The Church of Saint Bartholomew on the Island (San Bartolomeo all’Isola, in Italian), is, as the name indicates, located on the Island in the Tiber in the Ripa district of Rome.
Saint Bartholomew on the Island Church Rome
Address, opening hours and admission
Address: Piazza di San Bartolomeo all’Isola, 22 – Rome (tel. +39 06 6877973). Opening hours: Mondays till Sundays from 9,30 rill 13,30 and from 15,30 till 17,30; Sundays from 09,00 till 13,00. Admission: Free.
History and description
It was built in the 10th century by the Emperor Otto III, who had it constructed on the ruins of the Temple dedicated to Aesculapius. Inside the church, near the altar, there is a well that was most likely already there when the temple still existed.
At the time the church was dedicated to Saint Adalbert, but after a restoration ordered by Pope Paschal II (in 1113) and another one in 1180 it was re-baptized Church of Saint Bartholomew.
The Romanesque bell-tower near the church, the Torre dei Caetani, dates back to the 12th century.

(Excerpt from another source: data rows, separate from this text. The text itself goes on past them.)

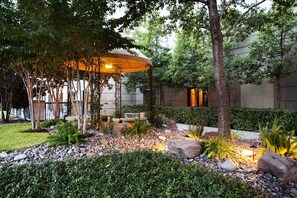 Un jardin aménagé avec un belvédère, des arbres et une variété de plantes.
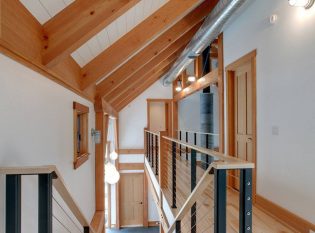 Balcony and staircase with wood top rail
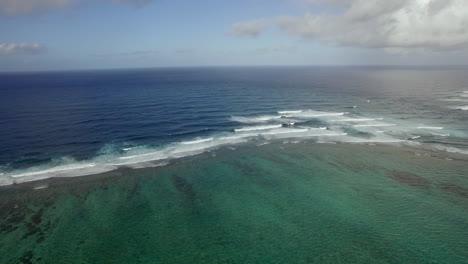 Aerial-view-of-water-line-of-seas-that-do-not-mix-against-blue-sky-with-clouds-Mauritius-Island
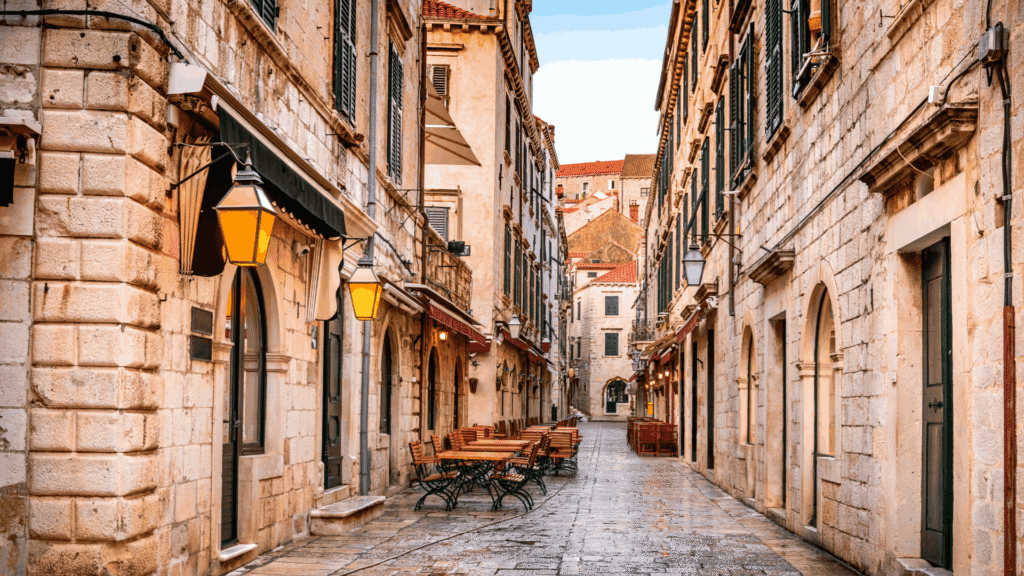 Stone-paved street lined with historic buildings and outdoor cafés in Dubrovnik Old Town, Croatia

In 1557 the Tiber flooded and almost completely destroyed the church and in 1625 Orazio Torriani reconstructed it, with a new baroque facade and a portico.
A final restoration took place in 1852.
Saint Bartholomew on the Island consists of three naves separated by two lines of fourteen antique columns each. The transept and apse are raised and its panelled ceiling has frescoes dating back to 1865.
In 1869 Ignazio Jacometti made the guglia (“spire” or “needle”) on the square in front of the church.
In 2000 Pope John Paul II dedicated Saint Bartholomew to the new martyrs of the 20th and 21st centuries.